WHAT YOU SHOULD DO: Within the records, tally the lines that contain "area" and reply with that number only.

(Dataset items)
⟨

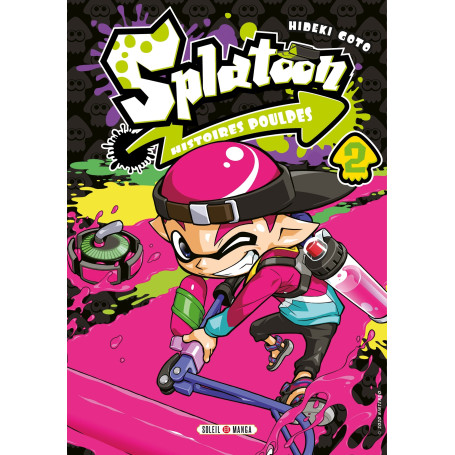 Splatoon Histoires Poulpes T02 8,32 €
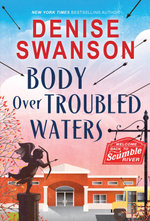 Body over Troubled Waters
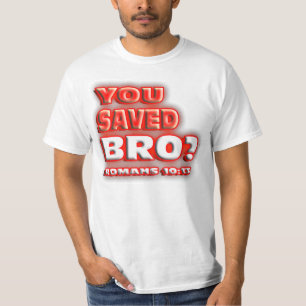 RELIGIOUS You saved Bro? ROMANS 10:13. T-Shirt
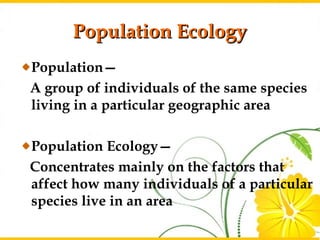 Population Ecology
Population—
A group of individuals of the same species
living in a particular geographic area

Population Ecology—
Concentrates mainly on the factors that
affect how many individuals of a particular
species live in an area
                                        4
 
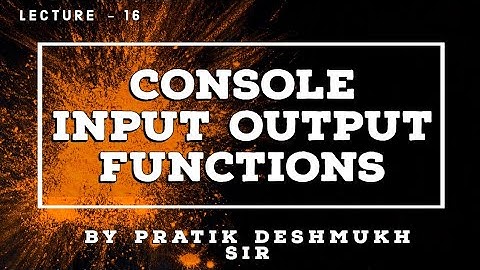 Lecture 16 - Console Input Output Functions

⟩

EXERCISE OUTPUT: 2